En México, la historia nos remonta a los años ochenta con la expedición de la Ley Federal de Responsabilidades de los Servidores Públicos en la que se asienta por primera vez esta obligación, siendo de carácter exclusivo a mandos medios y superiores.

Durante las últimas tres décadas ha tenido diversos cambios, tanto en su forma como en su alcance, destacando la creación del Sistema Nacional Anticorrupción en 2015, con el que se homologaron criterios y formatos para su presentación; la expedición de la Ley General de Responsabilidades Administrativas en 2016, señalando que todas las personas servidoras públicas deben presentarla, y el decreto de máxima publicidad en 2017, que dio lugar a que la sociedad, mediante los mecanismos de transparencia, tengan acceso a la información patrimonial de las personas servidoras públicas, con la reserva respectiva de datos personales.

Este ejercicio que realizamos las y los funcionarios del Estado tiene, entre otros, los siguientes propósitos:

Fortalecer la transparencia y la rendición de cuentas para eliminar la opacidad en el ejercicio del gobierno; además de contar con mecanismos de evaluación que permitan verificar o no el cumplimiento de objetivos y metas, así como su eficiencia y eficacia.

Fomentar la confianza ciudadana con la intención de que, por medio de un incremento considerable en la credibilidad y seguridad, la sociedad perciba un desempeño positivo de las instituciones públicas y sus autoridades.

Conocer el patrimonio con el que un trabajador del Estado inicia el ejercicio de su cargo, la manera en que se modifica a lo largo de su desempeño y lo que tiene al momento de concluirlo.

Combatir posibles actos de corrupción cometidos por las personas servidoras públicas mediante un análisis de la congruencia entre sus ingresos y egresos, así como su relación con particulares que pudieran tener intereses económicos o políticos con las instituciones de gobierno.

Sobre este último objetivo, los Órganos Internos de Control tienen el deber de detectar a aquellos que no la presentaron en tiempo y forma, otorgándoles la calidad de extemporáneos u omisos.

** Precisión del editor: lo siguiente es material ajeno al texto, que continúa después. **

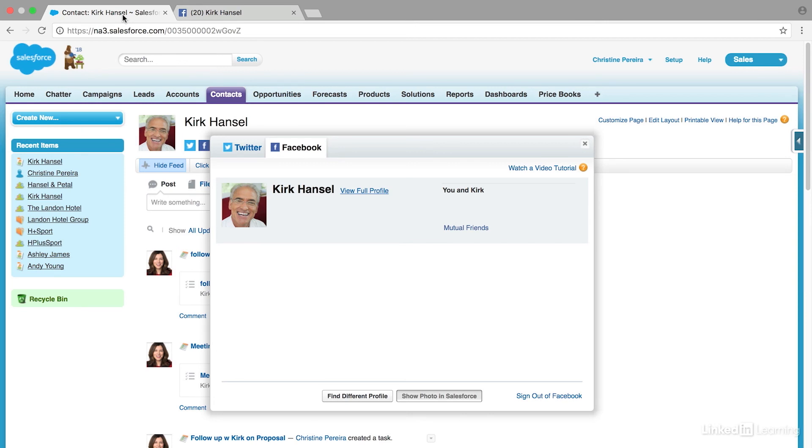So again, you can find this out for anyone who has an active social account in Twitter, Facebook, and YouTube. Now you have a wealth of information from social media connected to your accounts and contacts in Salesforce.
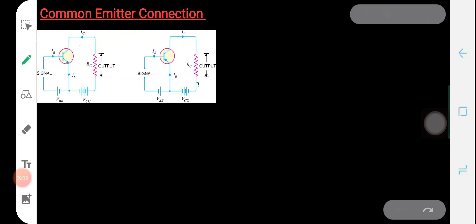In the previous lectures we discussed about the common base transistor connection and we obtained the expression for the current amplification factor and the expression for the collector current, which are the two important parameters in the case of a transistor configuration. We also saw the input and output characteristics of a common base transistor connection. Now let's discuss about the common emitter transistor connection.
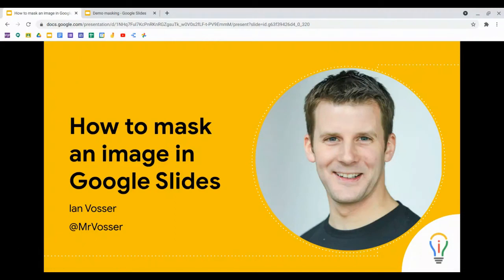Hello. In this video, we're going to look at how to mask an image in Google Slides. You can see I've got an example of a masked image on the slide — my profile picture has been fitted into a circle shape. We can do that in Google Slides really easily with any image, and it's really useful to make your slides look really professional.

Además, deben revisar la veracidad de la información presentada mediante un programa anual de verificación aleatoria, así como a través de la atención de solicitudes de estudios de evolución patrimonial requeridas por autoridades competentes con motivo de una denuncia o investigación, o por inconsistencias identificadas en la verificación aleatoria.

Cabe destacar que gracias al compromiso de todas y todos quienes laboramos en la Fiscalía General de la República, así como a la coordinación con las autoridades que encabezan las distintas áreas de este órgano constitucionalmente autónomo, logramos que casi 19 mil personas servidoras públicas cumplieran antes de la fecha límite con la presentación de la declaración. Así, alcanzamos la meta propuesta: 100% de cumplimiento de esta obligación legal.